It is a matter of how you choose to view things

Back to Subject List

Old thread has been locked -- no new posts accepted in this thread

???
05/15/09 15:56
Read: times

#165384 - It is a matter of how you choose to view things
Responding to: ???'s previous message

Per Westermark said:

Richard Erlacher said:

It's still predictable, since computer programs can and will "know" exactly what the state of the pipeline is, in the event that the core is pipelined.

Never contested. Just noted that a pipeline has a startup time.

Richard said:

I disagree with the notion that the 805x ALU is small, as compared with the remainder of the logic.

Please stop extrapolating. I did write "The ALU etc of the 8051 are so tiny that it is very easy for the pipeline to compute both sides of a conditional branch, and throw away the wrong alternative."

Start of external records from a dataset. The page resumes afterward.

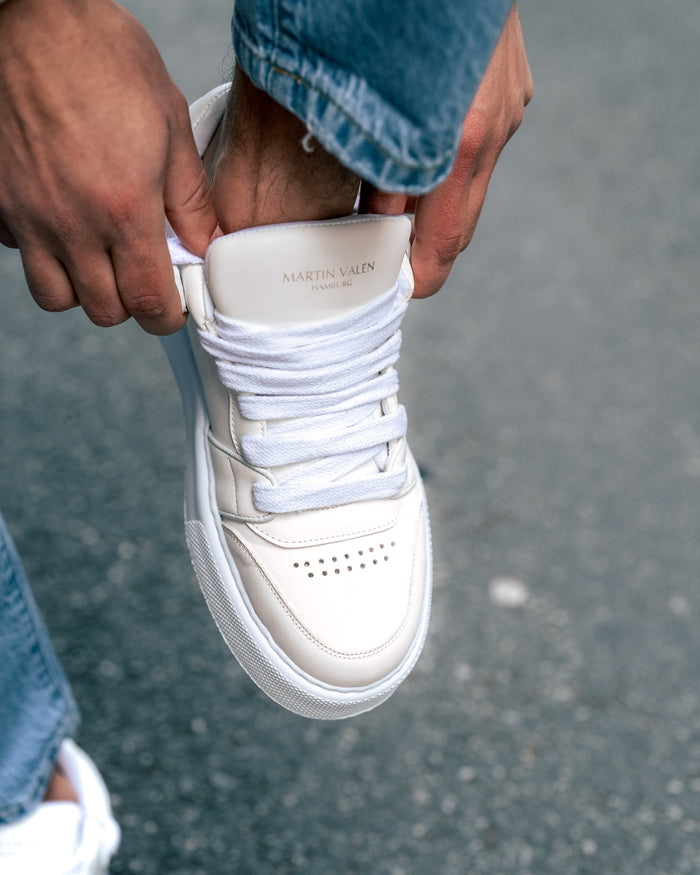 Martin Valen white men's high-top sneakers worn outdoors, top close-up as hands adjust the laces and tongue logo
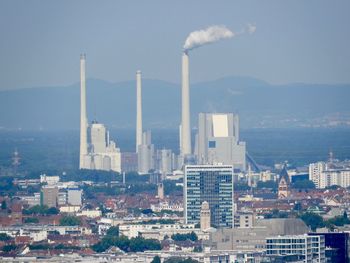 Buildings in city against sky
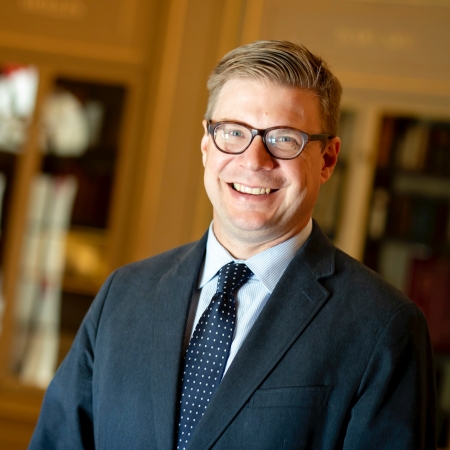 Thomas Hyry wears a dark blazer and purple tie and smiles at the camera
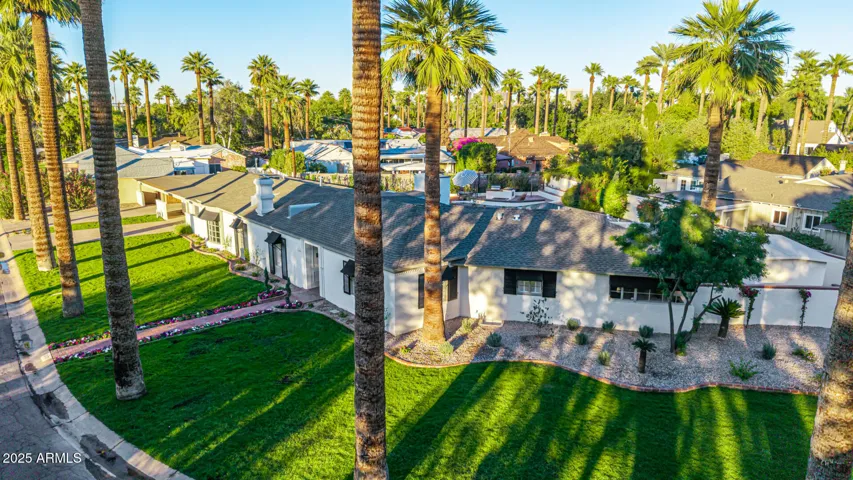This gorgeous lot sits on the corner of the Palmcroft SW "square" and is one of just a very small handful of large single story homes on lots this large.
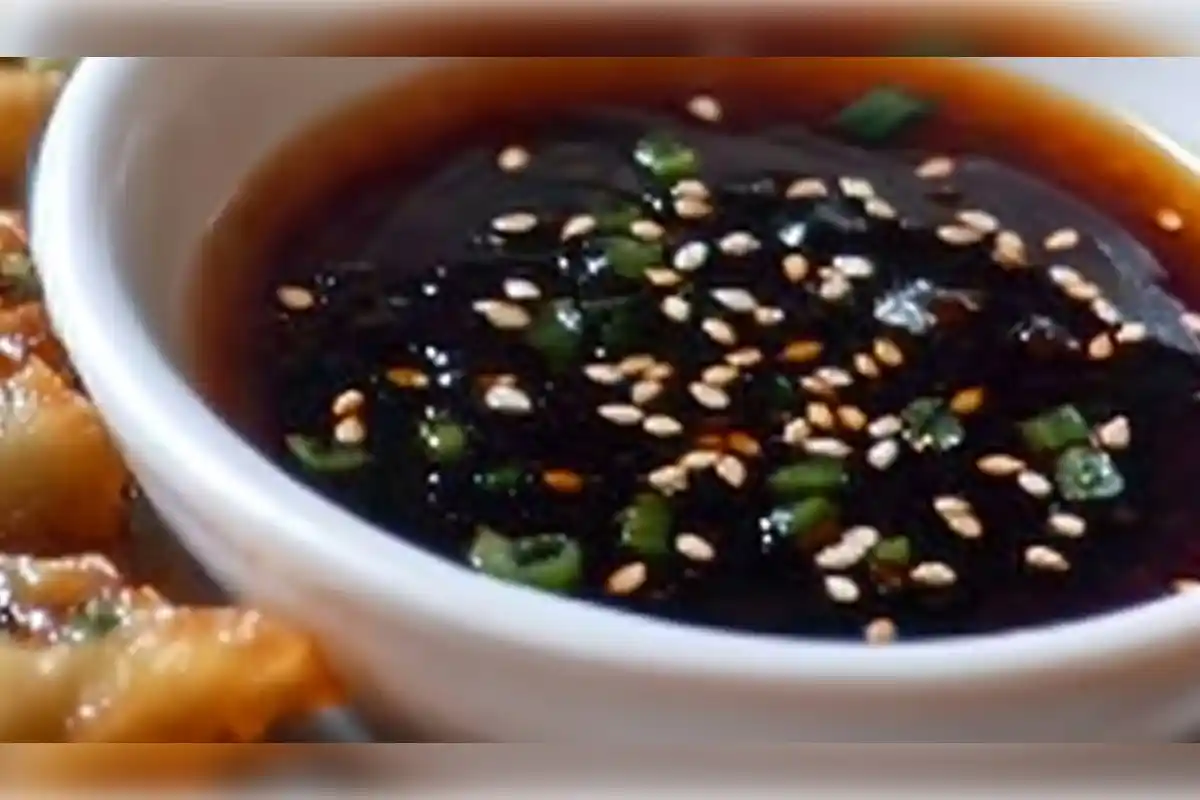 "Close-up of a bowl of teriyaki sauce topped with sesame seeds and chopped green onions, ideal as a marinade or dipping sauce.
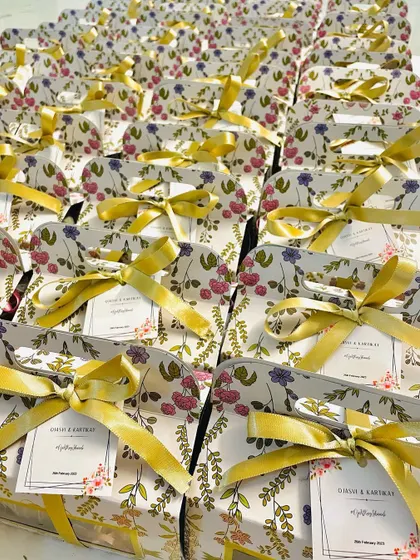 Another view of the floral gift boxes, showing a large order ready for a celebration.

Don't know where you thought you saw "compared with the remainder of the logic".The ALU of a 8051 is small, if you compare it with the ALU of more recent processors. If bigger processors can manage to compute both sides of a conditional branch, then it must obviously be possible to do for a 8051 chip too. The reason? To run a pipeline at fixed speed without worrying about any pipe stall if the chip mispredicts the branch decision.

It is also quite common to separate address calculations from the general ALU, so having two ALU does not mean having two identical copies of what the original 8051 had. The user is interested in the hehaviour, not what building block a specific transistor is located in.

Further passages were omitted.